WASHINGTON – A one-time U.S. Army reporter during World War II donated a never-before-published transcript of radio coverage of the Nuremberg war crimes trials of Nazi leaders to the U.S. Holocaust Memorial Museum on Tuesday — 68 years to the day after he began reporting on the landmark military tribunal.
Harold Burson covered the trials in 1945 and 1946 for the American Forces Network on the radio. He wrote extensive scripts for on-air announcers who were broadcasting to U.S. soldiers in Europe and to the English-speaking population in Germany during the first Nuremberg trial.
Burson, now 92, took the train from New York to Washington to deliver his collection of 40 scripts to curators Tuesday. The broadcast recordings have been lost. After the war years, Burson, went on to create the large public relations firm Burson-Marsteller.
In 1945, 22 Nazi political, military and economic leaders were put on trial in Nuremberg, Germany, for crimes against humanity. Of those, three were acquitted, 12 were executed, three were sent to prison for life, and four others were imprisoned for 10 to 20 years, according to museum records.

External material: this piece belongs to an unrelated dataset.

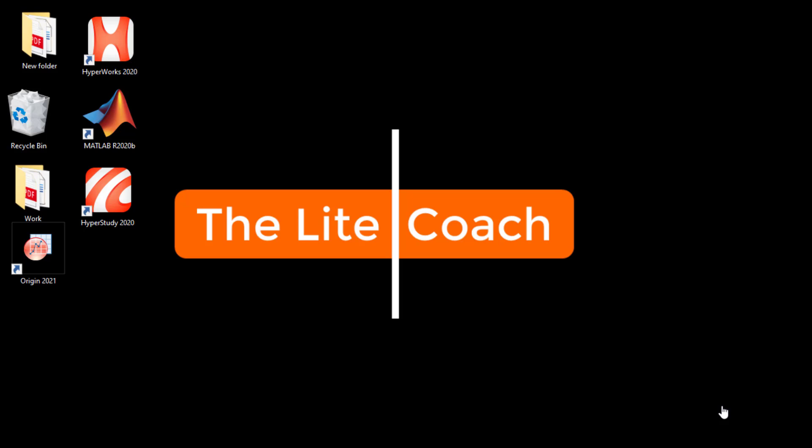Hello guys, welcome to another video. In the previous video we learned about a single line graph in Origin. In this video we will learn about multiple line graphs in Origin. So welcome to The Lite Coach.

Burson was 24 when he began reporting on the courtroom scene, the defendants and the key players. Before enlisting in the Army, he had paid for college by working as a stringer for his hometown newspaper, The Commercial Appeal in Memphis, Tenn. He joined about 200 other news reporters covering the first trial.
"To me, it was exhilarating because these were arguably the best news people in the world," Burson told The Associated Press, recalling how he met Walter Cronkite who was reporting at the time for United Press International and Howard K. Smith of CBS. "My audience was primarily the million or so soldiers who were still in Europe and had fought the war."
Burson said surveys at the time also showed the American military radio network was one of the most trusted sources of news in Germany after the war because people believed the U.S. Army would not lie to its troops. So Burson was under orders to report for English-speaking people in Germany as well.
"General Eisenhower wanted the German people to know exactly what happened and how the war began and how it was prosecuted by the Nazi regime," he said.
The United States, Soviet Union, Great Britain and France all supplied judges and a prosecution team for the trials. Burson reported on efforts to make the trials fair and legitimate for the defendants, including paying for defense lawyers.
"It was, I think, an honest effort to do so," he said. "Of course, I don't think it's possible to overcome the fact that the winner is trying the loser."
This will be the museum's first detailed transcript of coverage of the trials, said Scott Miller, the museum's director of curatorial affairs.
The Nuremberg trials produced the first legal documentation and evidence of genocide by the Nazis during World War II, before their atrocities were referred to as the Holocaust. Miller said the transcripts will be a new resource for researchers studying the Holocaust and the precedent for international military tribunals set by Nuremberg.
"This is an incredible eyewitness primary source of history," Miller said. "He was witnessing the testimony of Nazi criminals, the captured German photos, the captured German film footage, the captured German documents that were shown at Nuremberg, shown to the world for the first time. He witnessed them become the evidence of the Holocaust."
Audiobook maker Audible produced a recording of Burson's transcripts with actors reading the scripts. Burson also conducted an oral history interview to leave his vivid memories with the museum.
"This was still new to the world," Miller said of Burson's accounts. "It was fresh and raw."